Give the lines again exactly as they appear below, from the line with "Designer Clothes European" to the line with "Drafting Chair Tall", both included, and only those lines. Leave every picture out.
'''
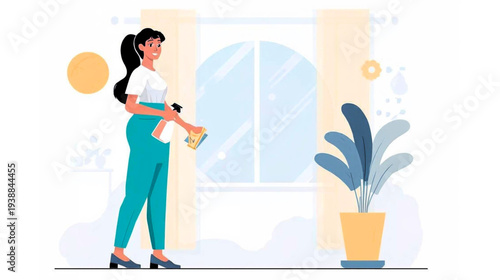 Woman caring for a potted plant in a serene indoor setting with a window view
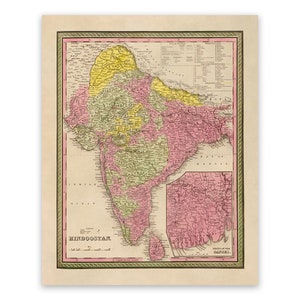 Carte ancienne de l'Inde, de l'Hindoustan, impression de style vintage, vers 1800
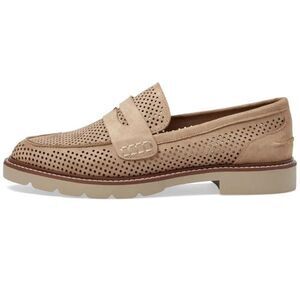 NWT Anne Klein Emmylou Suede Slip on Penny Loafers Natural Tan Size 7.5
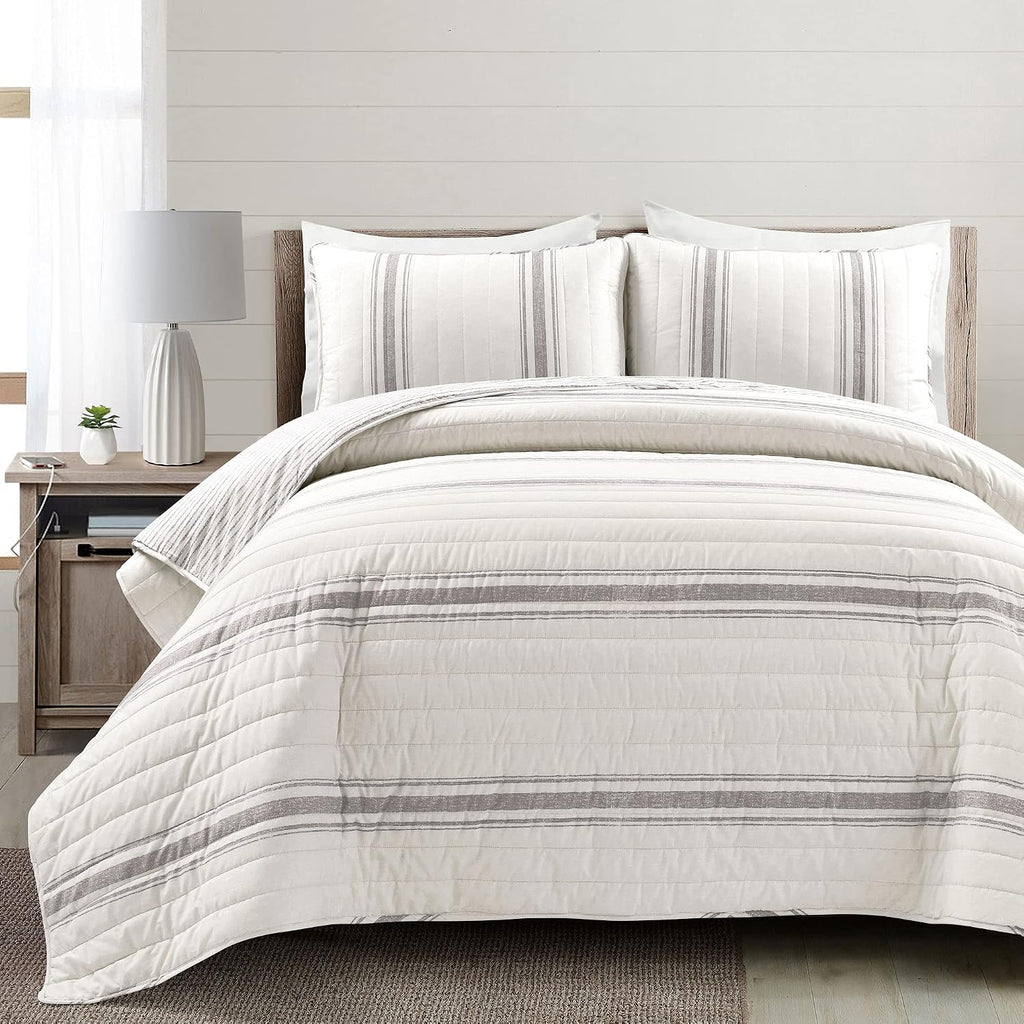 Lush Decor Farmhouse Stripe Reversible Cotton Quilt California King Size 3 Piece Set Gray - Farmhouse Bedding Set - Cal King Quilt - Striped Bedding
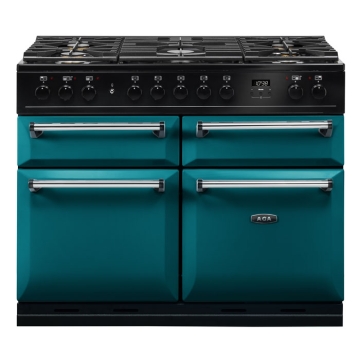 AGA Masterchef Deluxe 110cm Dual Fuel Range Cooker, Salcombe Blue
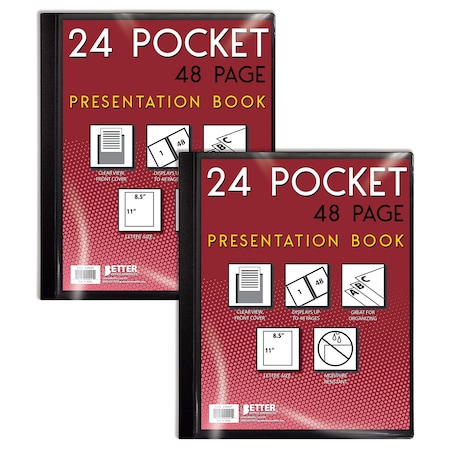 Presentation Book W/Clear Frt Pocket, 24 Pockets, Black, 85in X 11in Clear Pkts, Art Portfolio, 2PK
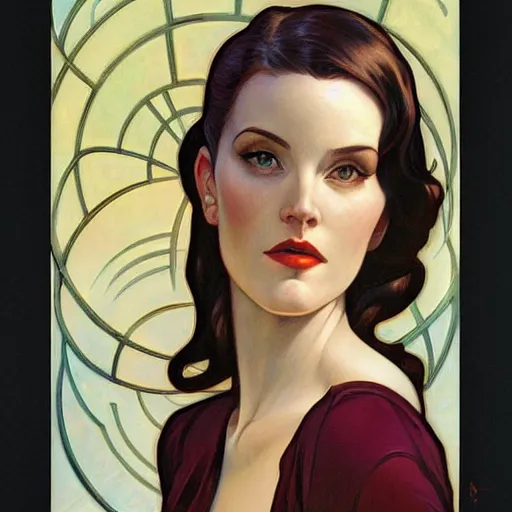 Image similar to a streamline moderne painting in the style of donato giancola, and in the style of charlie bowater, and in the style of alphonse mucha. symmetry, smooth, sharp focus, semi - realism, intricate detail.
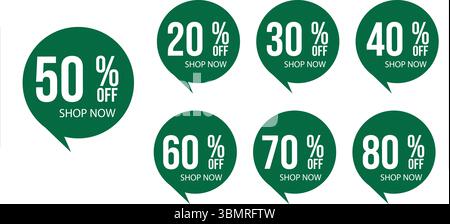 Green Circular Discount Tags – Up to 80% Off Stock Vector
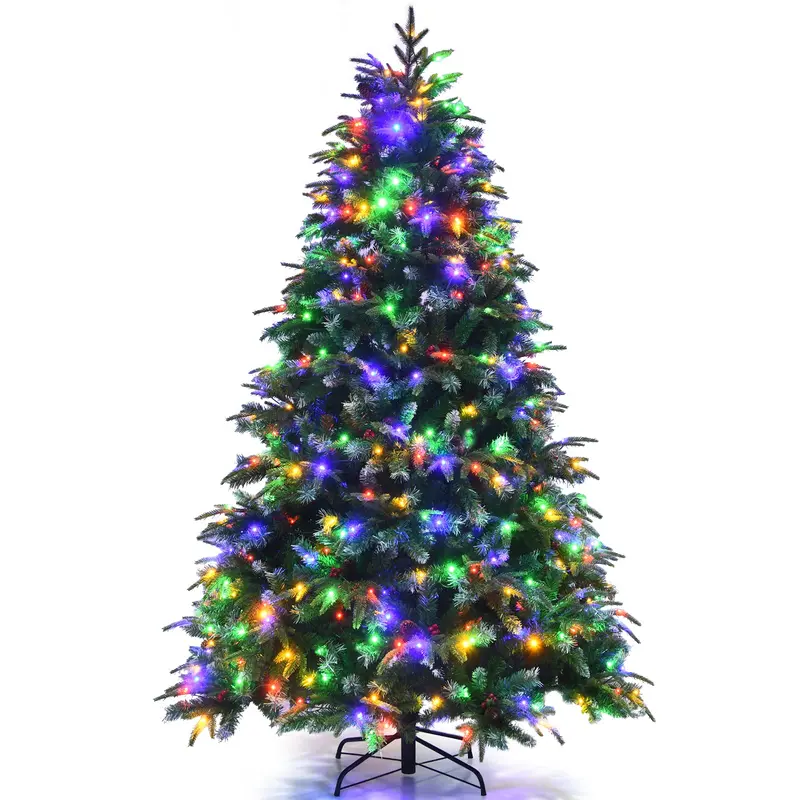 7-Foot Pre-Lit Realistic Snow-Flocked Artificial Christmas Tree with 450 Color-Changing LEDs & 11 Flash Patterns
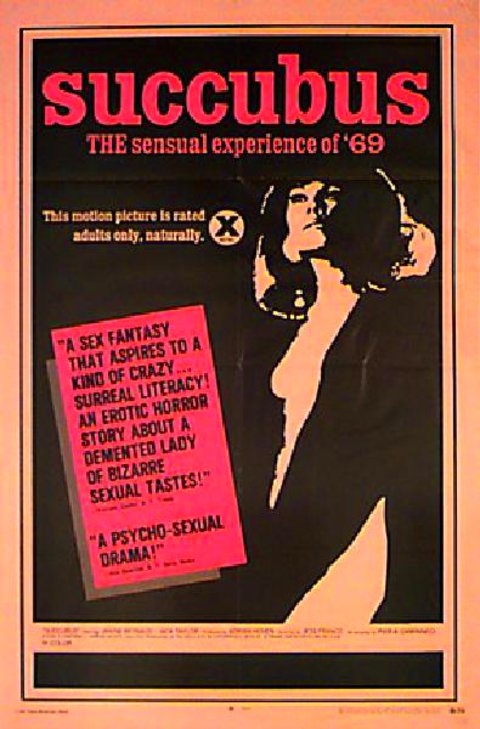 Succubus 1969 U.S. One Sheet Poster
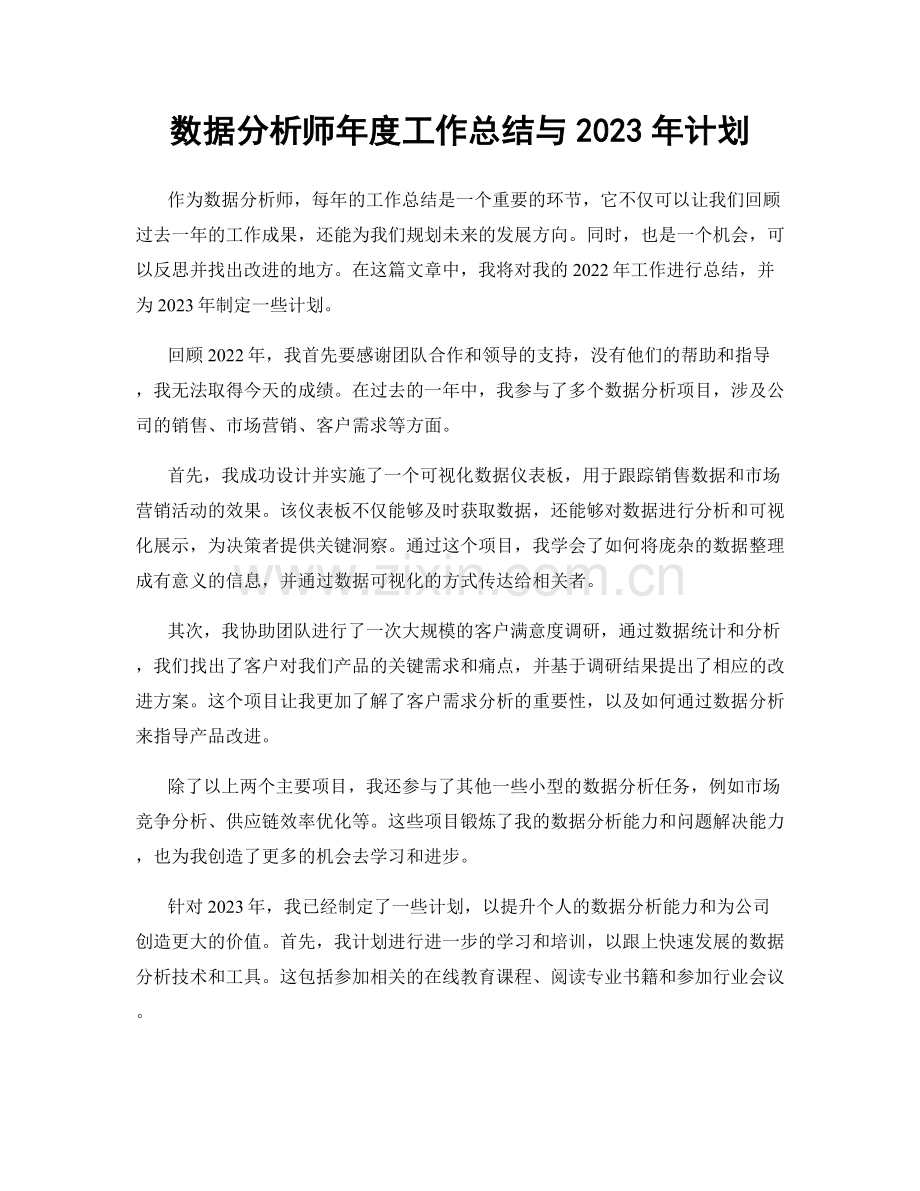 数据分析师年度工作总结与2023年计划.docx_第1页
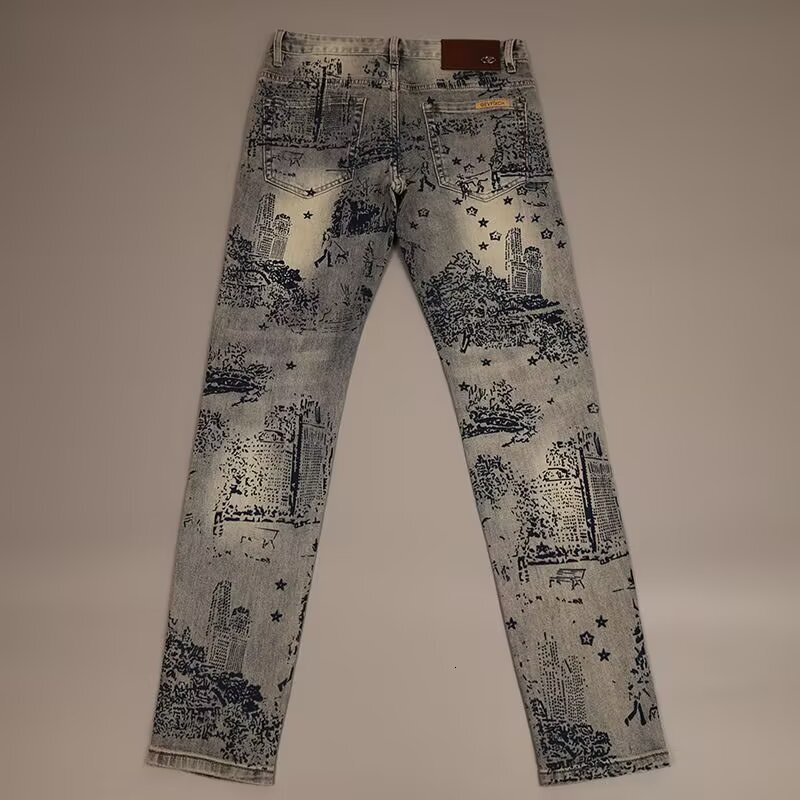Designer Clothes European And American Trend Slim Fit Printed Jeans Autumn Winter New Retro Light Straight Casual Fashion Versatile Luxury Brand Long 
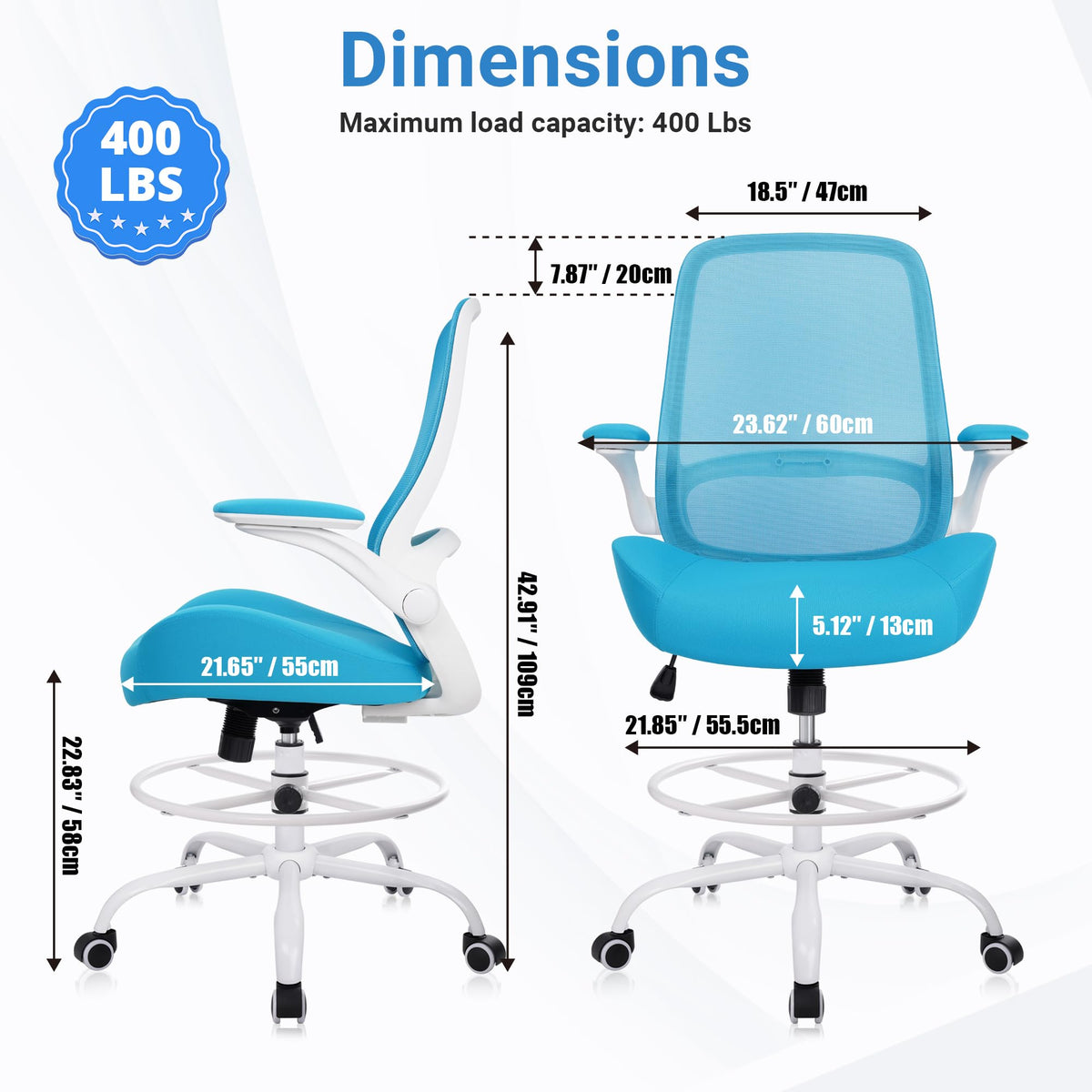 Drafting Chair Tall Office Chair with Flip-Up Armrests Ergonomic Computer Chair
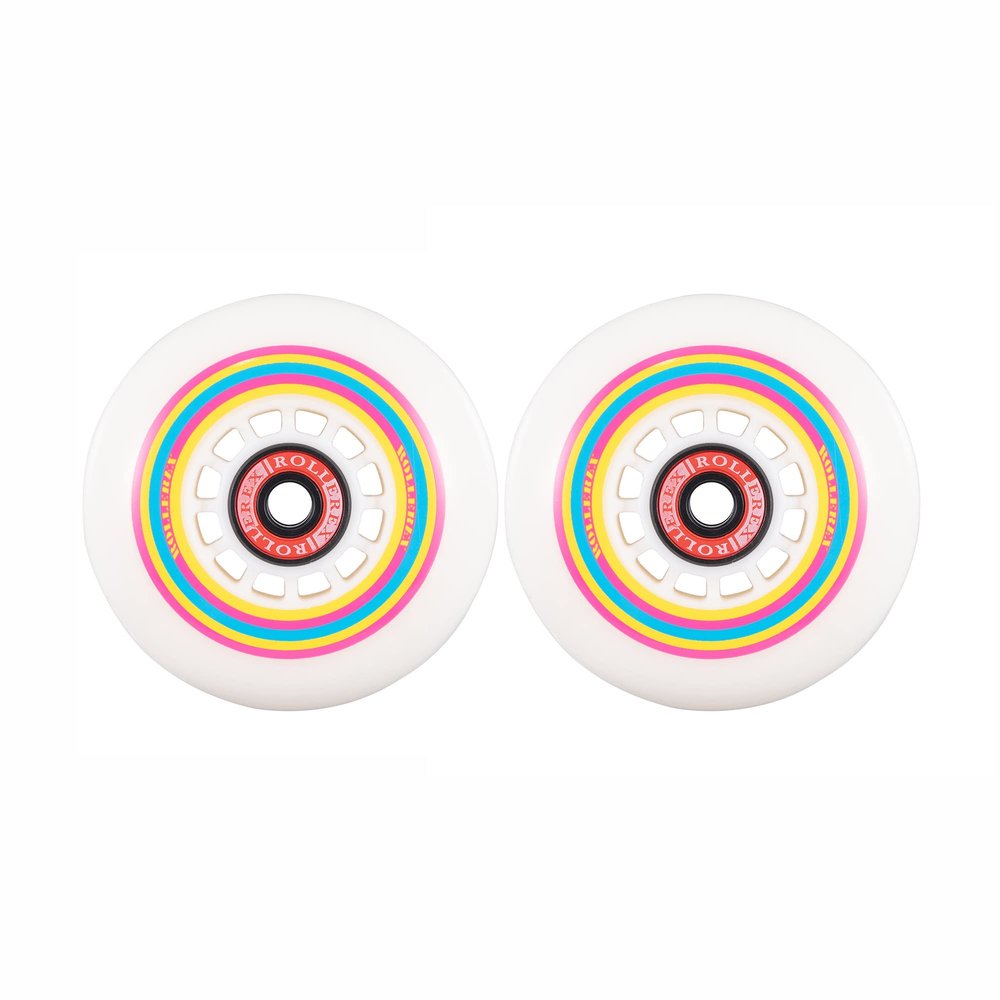 Rollerex Lollipop Boardwalk Inline Skate Wheels 2-Pack 85A Polyurethane Indoor Outdoor Roller Blade Wheels Smooth Ride with Optional Bearings, Spacers & Washers (76mm)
'''
■ WRITTEN REPLY
Designer Clothes European And American Trend Slim Fit Printed Jeans Autumn Winter New Retro Light Straight Casual Fashion Versatile Luxury Brand Long 
 Drafting Chair Tall Office Chair with Flip-Up Armrests Ergonomic Computer Chair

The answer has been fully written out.